On New Year’s eve, while sitting around a warm bonfire in the middle of a misty woodland, my friends and I discussed the successes of our year. After reflecting on the things we’d been grateful for, we turned our attention to our resolutions for 2017. I very, very rarely make new year’s resolutions so I simply said that I’d like to be kinder: to myself, my friends, family, the planet, animals, strangers etc. And that I’d like to nurture a healthier attitude to work so that I can get my yoga/work balance back into my life. Nothing too extreme and nothing with too definite a measure attached to it.
But just over two weeks into the year and I was only on my second class. Not a great start, particularly because the only reason I’d made it to the studio was because I’d worked from home. I had just finished class and was chatting to a fellow student and teacher in the changing rooms about teacher training; she was asking about my plans as she always does. On the very big plus side, I was explaining, after much research I had found the course and teacher I wanted to do my training with. On the not so plus side, I sighed, over the past year I have practised so infrequently that I am nowhere near being ready for teacher training. From around December 2013 until this time last year the only thing stopping me was money: apart from that, I was emotionally, physically and mentally ready. Not any more, I said, due to infrequent practise I’m battling physically and I really need to fix that.

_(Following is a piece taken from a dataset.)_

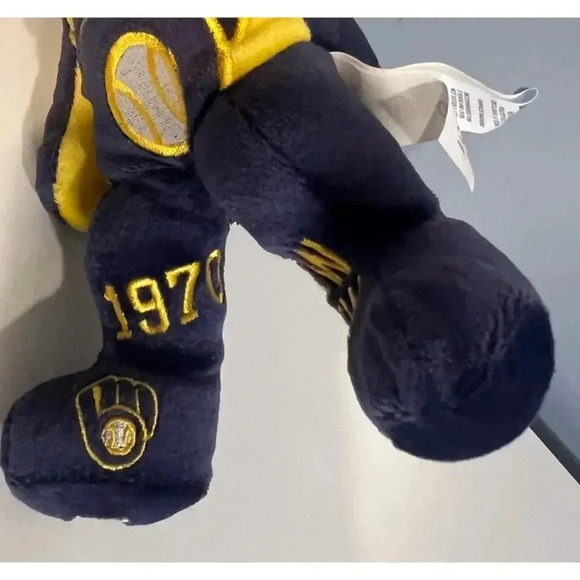 NWT Milwaukee Brewers Plush Bear - Hard to Find - Picture 7 of 8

“So what are you going to do?”
“I’m just going to have to be really strict and change the way I work.”
But as I said it I knew it wouldn’t happen. I heard myself saying the same thing ten months ago, six months ago, and equally, I could foresee myself saying it again in six months’ time. I’d been saying that for a year, over a year in fact. It was a sobering realisation and found myself sitting on the bench in that clammy, humid changing room in silence for a little longer than normal.
I didn’t sleep that night, “If nothing changes, nothing changes”, words I’ve heard and used so many times, fluorescent in my mind.

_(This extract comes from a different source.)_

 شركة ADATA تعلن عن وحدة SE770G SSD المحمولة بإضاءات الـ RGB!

The following week I resigned. I didn’t wait to find another job, instead, I chose to do the thing that has always made me feel slightly queasy. I decided to go freelance. Freelancing has always been way too much of a challenge to my Virgoan need for consistency and stability but suddenly, it felt exciting. This is my healthier attitude to, not only work, but life. I’m doing something that absolutely terrifies me.
It means I have the chance to build up a client base that I can return to after teacher training. And that I won’t be spending three hours every day getting to and from work. Instead, for most of those fifteen hours a week, I’ll sweat :). It might work, it might not, and if it doesn’t I’ll find a way to deal with it but at least I’ll have tried. I have to take a chance on me.

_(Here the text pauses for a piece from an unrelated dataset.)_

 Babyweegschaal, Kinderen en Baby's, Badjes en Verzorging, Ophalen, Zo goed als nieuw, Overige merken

So today is my last day. I am just coming into Wembley for the last time as a permanent member of FA staff. Tomorrow I fly to South Africa to spend some quality time with family and friends and when I return in two weeks I’ll be jobless; I suspect at that point I’ll be doing a-whole-nother kind of sweating.
The bottle cap in the image is the from the Singha beer I was drinking when I realised that yes, this was the right, and most exciting, positive, thing to do. Like a sentimental child, I have carried it with me since.